Documentation Revision Date: 2022-12-02
Dataset Version: 1
Summary
There are 59,416 data files in GeoTIFF (*.tif) format included in this dataset that provide the percent of ground covered by a lifeform class. The file count is summarized by 59,416 files = (425 tiles x 35 years x 4 cover types) - 84 files removed owing to missing data, as there are 425 tiles that span the spatial extent of CONUS, each tile spans 35 years, and there are four cover types per year. Each file contains four bands.
Citation
Parra, A., and J.A. Greenberg. 2021. CMS: Vegetative Lifeform Cover from Landsat SR for CONUS, 1984-2018. ORNL DAAC, Oak Ridge, Tennessee, USA. https://doi.org/10.3334/ORNLDAAC/1809
Table of Contents
- Dataset Overview
- Data Characteristics
- Application and Derivation
- Quality Assessment
- Data Acquisition, Materials, and Methods
- Data Access
- References
Dataset Overview
This dataset contains estimates of percent cover of tree, shrub, herb, and other (non-vegetation) lifeform classes and uncertainties for the conterminous U.S. (CONUS). The estimates were derived using quantile regression forest models and indicate the percent of ground covered by a vertical projection of each lifeform class ranging from 0 to 100 percent. Model input data included Landsat surface reflectance (SR) data and 165 airborne LiDAR datasets covering eight of the eleven terrestrial biomes of the conterminous U.S. and Alaska, as defined by Olson et al. (2001). Eighty-six of the LiDAR acquisitions are part of the NASA Goddard's LiDAR, Hyperspectral, and Thermal Imager (G-LiHT) airborne imager data collection; the remaining 79 sites were acquired by the National Science Foundation's National Ecological Observatory Network Airborne Observation Platform (NEON AOP). Acquisitions were selected based on the availability of the SR data for each G-LiHT and NEON dataset. The data are annual estimates from 1984 to 2018 and were tiled (425 tiles) using the CONUS Landsat Analysis Ready Data (ARD) grid scheme.

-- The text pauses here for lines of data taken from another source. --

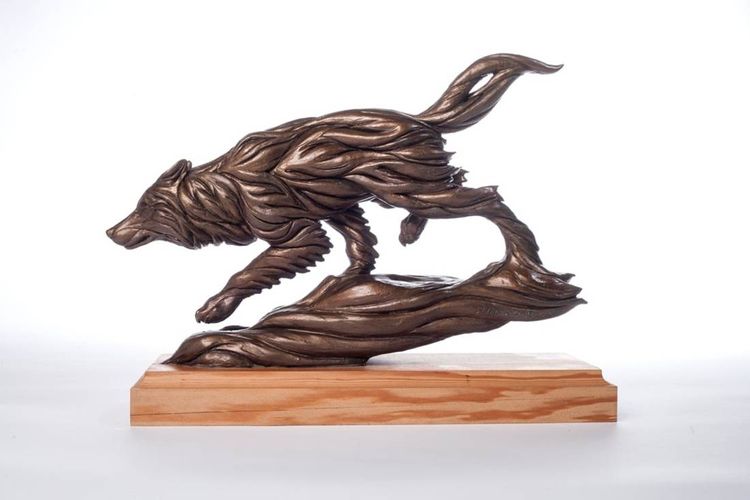 Spirit of the Wolf by Robert Eccleston - search and link Sculpture with SculptSite.com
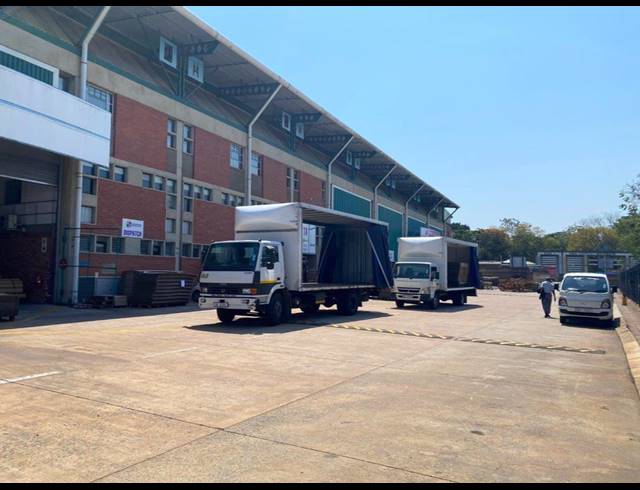 2,286M² WAREHOUSE TO LET IN WESTMEAD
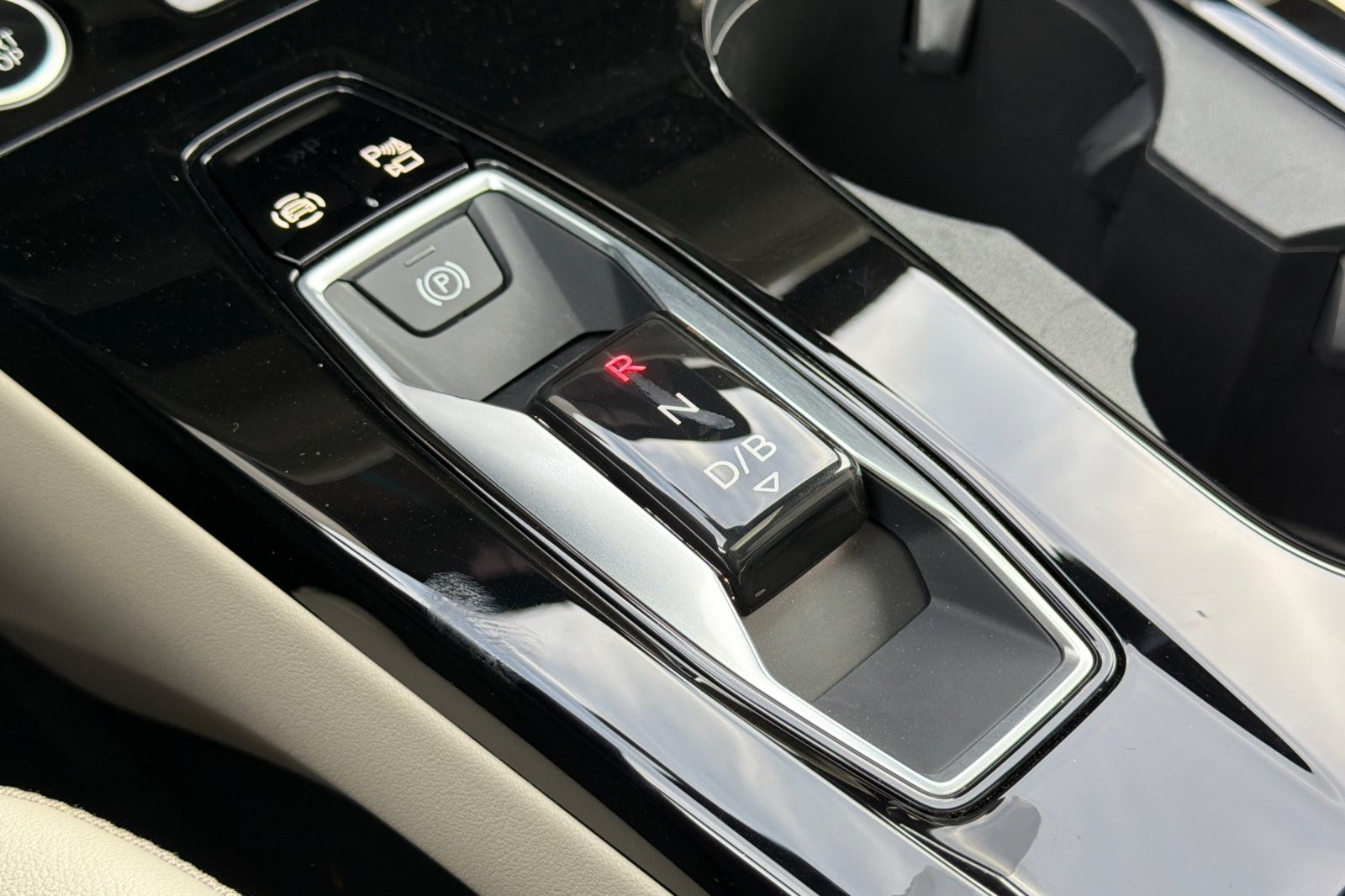 Certified Used 2025 Glacier White Metallic Audi Premium Plus quattro image 21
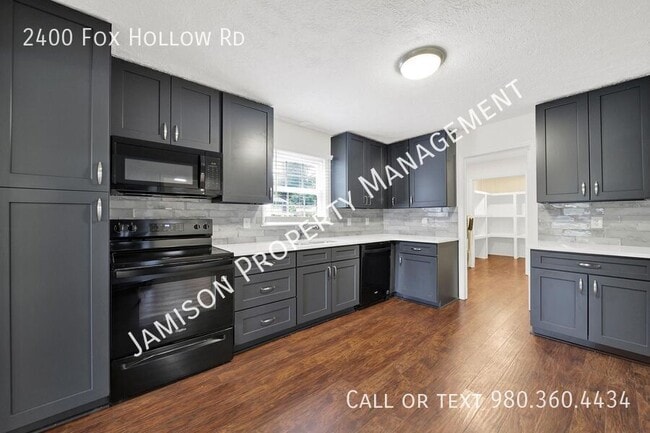 Building Photo - 2400 Fox Hollow Rd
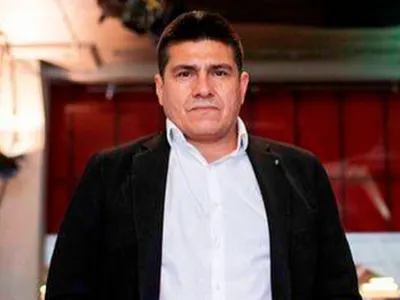 ‘Toby’ Vega liquidó a DT extranjero y lo descartó para Colo-Colo: «¡Ya le fue mal!»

Project: Carbon Monitoring System
The NASA Carbon Monitoring System (CMS) is designed to make significant contributions in characterizing, quantifying, understanding, and predicting the evolution of global carbon sources and sinks through improved monitoring of carbon stocks and fluxes. The System will use the full range of NASA satellite observations and modeling/analysis capabilities to establish the accuracy, quantitative uncertainties, and utility of products for supporting national and international policy, regulatory, and management activities. CMS will maintain a global emphasis while providing finer scale regional information, utilizing space-based and surface-based data, and will rapidly initiate generation and distribution of products both for user evaluation and to inform near-term policy development and planning.
Related Publication
A. Parra and J. A. Greenberg, "Estimation of Fractional Plant Lifeform Cover for the Conterminous United States Using Landsat Imagery and Airborne LiDAR," in IEEE Transactions on Geoscience and Remote Sensing, vol. 60, pp. 1-14, 2022, Art no. 4413614, doi: 10.1109/TGRS.2022.3199156
Acknowledgments
This research was funded under the NASA Carbon Monitoring System (grant NNX14AO80G).
Data Characteristics
Spatial Coverage: conterminous United States
Spatial Resolution: 30 m
Temporal Coverage: 1984-01-01 to 2018-01-01
Temporal Resolution: annual
Study Area: Latitude and longitude are given in decimal degrees.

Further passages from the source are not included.